Compact Matrix Quantum Group Equivariant Neural Networks
This work addresses a theoretical gap for researchers in quantum machine learning and non-commutative geometry, but it is incremental as it extends existing equivariant network concepts to a specialized domain.
The paper tackles the limitation of group equivariant neural networks in handling data from non-commutative geometries by introducing compact matrix quantum group equivariant neural networks, resulting in new characterizations of equivariant weight matrices for certain compact matrix groups.
Group equivariant neural networks have proven effective in modelling a wide range of tasks where the data lives in a classical geometric space and exhibits well-defined group symmetries.
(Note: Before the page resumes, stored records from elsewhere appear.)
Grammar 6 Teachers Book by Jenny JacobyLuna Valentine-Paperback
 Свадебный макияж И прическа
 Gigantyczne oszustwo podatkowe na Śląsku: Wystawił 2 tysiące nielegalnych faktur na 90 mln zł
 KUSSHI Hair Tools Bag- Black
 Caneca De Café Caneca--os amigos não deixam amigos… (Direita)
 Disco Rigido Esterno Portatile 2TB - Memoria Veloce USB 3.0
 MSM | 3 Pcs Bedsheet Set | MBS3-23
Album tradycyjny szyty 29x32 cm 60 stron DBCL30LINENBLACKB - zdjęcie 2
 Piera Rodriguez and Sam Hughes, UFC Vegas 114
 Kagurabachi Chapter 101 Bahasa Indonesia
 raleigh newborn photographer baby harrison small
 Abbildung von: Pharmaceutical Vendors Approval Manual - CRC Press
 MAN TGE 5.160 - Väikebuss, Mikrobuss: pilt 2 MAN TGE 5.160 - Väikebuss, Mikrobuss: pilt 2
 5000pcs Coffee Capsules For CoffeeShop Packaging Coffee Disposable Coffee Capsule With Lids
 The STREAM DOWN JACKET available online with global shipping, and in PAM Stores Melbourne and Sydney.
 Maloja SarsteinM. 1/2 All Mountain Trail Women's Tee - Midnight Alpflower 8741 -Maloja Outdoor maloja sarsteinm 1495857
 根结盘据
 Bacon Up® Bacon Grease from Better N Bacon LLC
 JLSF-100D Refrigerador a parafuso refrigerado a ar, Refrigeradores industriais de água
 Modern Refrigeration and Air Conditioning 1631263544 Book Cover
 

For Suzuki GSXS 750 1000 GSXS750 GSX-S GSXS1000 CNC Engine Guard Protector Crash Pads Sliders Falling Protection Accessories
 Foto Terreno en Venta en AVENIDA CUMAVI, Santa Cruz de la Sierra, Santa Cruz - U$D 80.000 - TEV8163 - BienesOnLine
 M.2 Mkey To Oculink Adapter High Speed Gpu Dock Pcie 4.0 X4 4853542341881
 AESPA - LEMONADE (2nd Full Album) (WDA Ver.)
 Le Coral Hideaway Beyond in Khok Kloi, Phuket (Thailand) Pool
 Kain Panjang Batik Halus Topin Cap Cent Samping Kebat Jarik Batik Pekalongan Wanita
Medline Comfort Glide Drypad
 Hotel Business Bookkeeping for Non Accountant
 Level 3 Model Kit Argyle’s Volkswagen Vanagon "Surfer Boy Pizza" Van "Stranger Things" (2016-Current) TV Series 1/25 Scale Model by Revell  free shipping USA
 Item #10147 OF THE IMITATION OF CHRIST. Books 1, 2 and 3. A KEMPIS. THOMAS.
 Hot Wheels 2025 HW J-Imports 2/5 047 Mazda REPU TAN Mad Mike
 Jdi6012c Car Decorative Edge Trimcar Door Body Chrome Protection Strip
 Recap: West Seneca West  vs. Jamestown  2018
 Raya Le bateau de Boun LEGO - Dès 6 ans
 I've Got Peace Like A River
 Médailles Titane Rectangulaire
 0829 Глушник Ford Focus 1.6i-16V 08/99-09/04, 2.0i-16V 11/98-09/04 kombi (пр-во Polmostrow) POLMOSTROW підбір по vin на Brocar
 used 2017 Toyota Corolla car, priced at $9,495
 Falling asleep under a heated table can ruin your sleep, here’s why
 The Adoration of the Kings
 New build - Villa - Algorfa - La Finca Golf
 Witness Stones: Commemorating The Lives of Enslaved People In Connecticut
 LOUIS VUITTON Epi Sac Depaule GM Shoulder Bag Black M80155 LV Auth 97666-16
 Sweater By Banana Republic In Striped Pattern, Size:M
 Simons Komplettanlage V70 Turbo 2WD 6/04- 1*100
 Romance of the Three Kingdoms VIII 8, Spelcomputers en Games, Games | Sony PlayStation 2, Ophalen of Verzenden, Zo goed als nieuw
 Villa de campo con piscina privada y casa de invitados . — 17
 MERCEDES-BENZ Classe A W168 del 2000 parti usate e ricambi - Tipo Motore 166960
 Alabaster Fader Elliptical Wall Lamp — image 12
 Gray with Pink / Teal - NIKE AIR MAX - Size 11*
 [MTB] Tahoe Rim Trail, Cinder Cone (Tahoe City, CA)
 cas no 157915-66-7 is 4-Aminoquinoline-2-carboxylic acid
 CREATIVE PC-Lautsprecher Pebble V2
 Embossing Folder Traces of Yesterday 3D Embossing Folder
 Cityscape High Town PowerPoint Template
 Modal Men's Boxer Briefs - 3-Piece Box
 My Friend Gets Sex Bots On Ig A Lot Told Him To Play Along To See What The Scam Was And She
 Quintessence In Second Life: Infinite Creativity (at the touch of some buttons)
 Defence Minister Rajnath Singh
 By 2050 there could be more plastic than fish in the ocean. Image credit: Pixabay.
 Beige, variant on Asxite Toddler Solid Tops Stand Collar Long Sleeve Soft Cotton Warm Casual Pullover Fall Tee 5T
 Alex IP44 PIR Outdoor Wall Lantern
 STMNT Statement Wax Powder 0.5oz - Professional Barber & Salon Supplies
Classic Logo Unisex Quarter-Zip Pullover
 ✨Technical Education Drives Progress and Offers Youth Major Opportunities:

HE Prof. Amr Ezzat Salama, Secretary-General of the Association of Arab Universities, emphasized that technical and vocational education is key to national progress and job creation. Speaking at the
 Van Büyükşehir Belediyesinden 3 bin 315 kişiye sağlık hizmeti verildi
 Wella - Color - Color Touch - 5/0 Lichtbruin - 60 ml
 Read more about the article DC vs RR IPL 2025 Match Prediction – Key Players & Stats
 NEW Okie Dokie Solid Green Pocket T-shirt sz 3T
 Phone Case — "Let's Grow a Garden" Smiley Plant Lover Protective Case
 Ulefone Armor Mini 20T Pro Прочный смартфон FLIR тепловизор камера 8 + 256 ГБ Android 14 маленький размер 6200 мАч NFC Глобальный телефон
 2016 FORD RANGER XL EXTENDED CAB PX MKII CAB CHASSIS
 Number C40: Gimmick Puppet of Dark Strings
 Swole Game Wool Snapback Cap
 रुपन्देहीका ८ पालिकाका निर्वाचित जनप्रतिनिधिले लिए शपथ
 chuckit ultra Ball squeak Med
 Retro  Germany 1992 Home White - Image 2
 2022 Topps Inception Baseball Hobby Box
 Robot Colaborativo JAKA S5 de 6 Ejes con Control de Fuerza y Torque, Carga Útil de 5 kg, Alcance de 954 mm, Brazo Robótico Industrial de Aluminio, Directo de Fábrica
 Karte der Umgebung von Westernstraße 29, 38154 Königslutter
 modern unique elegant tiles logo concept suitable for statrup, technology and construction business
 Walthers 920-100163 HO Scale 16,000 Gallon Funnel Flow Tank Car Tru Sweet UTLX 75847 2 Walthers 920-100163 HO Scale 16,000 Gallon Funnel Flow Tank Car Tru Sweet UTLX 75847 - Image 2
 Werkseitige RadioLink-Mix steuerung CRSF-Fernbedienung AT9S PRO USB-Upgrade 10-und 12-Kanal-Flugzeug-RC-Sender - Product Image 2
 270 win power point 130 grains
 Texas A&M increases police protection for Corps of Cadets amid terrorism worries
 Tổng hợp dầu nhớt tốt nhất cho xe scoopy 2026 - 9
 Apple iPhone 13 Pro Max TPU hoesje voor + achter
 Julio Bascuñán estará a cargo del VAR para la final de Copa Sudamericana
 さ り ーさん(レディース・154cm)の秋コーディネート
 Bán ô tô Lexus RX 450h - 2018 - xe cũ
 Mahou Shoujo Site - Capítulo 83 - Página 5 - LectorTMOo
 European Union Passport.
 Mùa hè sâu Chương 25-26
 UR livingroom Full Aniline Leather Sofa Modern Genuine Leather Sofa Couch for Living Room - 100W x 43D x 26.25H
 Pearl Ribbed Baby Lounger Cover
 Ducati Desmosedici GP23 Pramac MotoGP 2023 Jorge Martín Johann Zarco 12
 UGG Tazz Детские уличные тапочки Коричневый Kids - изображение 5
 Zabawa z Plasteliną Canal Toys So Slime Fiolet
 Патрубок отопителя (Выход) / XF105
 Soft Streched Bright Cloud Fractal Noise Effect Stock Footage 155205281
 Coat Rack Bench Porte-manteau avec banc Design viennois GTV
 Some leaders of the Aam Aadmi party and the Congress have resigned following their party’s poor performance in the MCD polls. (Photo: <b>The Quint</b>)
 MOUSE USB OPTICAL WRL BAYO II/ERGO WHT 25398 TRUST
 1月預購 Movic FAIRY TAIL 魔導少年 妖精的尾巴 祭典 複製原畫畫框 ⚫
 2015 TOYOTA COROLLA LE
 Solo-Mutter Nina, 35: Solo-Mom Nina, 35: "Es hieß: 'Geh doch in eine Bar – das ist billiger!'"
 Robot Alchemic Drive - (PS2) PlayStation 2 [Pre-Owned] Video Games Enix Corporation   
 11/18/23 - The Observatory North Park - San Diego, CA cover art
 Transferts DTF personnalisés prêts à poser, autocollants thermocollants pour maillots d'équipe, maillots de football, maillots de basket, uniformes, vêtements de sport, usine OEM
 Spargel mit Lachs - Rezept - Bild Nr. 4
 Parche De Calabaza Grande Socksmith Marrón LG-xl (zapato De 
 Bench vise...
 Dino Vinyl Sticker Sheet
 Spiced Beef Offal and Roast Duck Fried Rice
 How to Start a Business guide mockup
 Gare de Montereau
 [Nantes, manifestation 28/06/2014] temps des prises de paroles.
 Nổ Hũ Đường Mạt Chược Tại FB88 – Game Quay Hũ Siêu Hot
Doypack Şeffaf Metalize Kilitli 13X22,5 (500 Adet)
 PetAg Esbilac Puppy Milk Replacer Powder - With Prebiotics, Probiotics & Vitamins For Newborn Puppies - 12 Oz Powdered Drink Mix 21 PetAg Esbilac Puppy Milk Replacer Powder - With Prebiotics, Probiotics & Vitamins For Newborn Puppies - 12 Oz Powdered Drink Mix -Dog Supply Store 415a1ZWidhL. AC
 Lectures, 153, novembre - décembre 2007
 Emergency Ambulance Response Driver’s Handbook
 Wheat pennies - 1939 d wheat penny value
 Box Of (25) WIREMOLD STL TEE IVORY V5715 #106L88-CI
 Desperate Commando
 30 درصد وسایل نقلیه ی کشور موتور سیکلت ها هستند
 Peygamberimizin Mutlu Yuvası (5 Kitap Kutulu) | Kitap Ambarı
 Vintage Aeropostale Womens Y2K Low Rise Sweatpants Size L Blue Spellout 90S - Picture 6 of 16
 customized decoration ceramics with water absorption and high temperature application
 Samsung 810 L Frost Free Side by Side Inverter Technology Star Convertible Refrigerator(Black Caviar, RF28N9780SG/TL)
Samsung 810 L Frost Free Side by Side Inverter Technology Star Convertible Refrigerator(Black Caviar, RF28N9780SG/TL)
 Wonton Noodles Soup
However, these networks are not suitable for learning from data that lives in a non-commutative geometry, described formally by non-commutative $C^{*}$-algebras, since the $C^{*}$-algebra of continuous functions on a compact matrix group is commutative. To address this limitation, we derive the existence of a new type of equivariant neural network, called compact matrix quantum group equivariant neural networks, which encode symmetries that are described by compact matrix quantum groups. We characterise the weight matrices that appear in these neural networks for the easy compact matrix quantum groups, which are defined by set partitions. As a result, we obtain new characterisations of equivariant weight matrices for some compact matrix groups that have not appeared previously in the machine learning literature.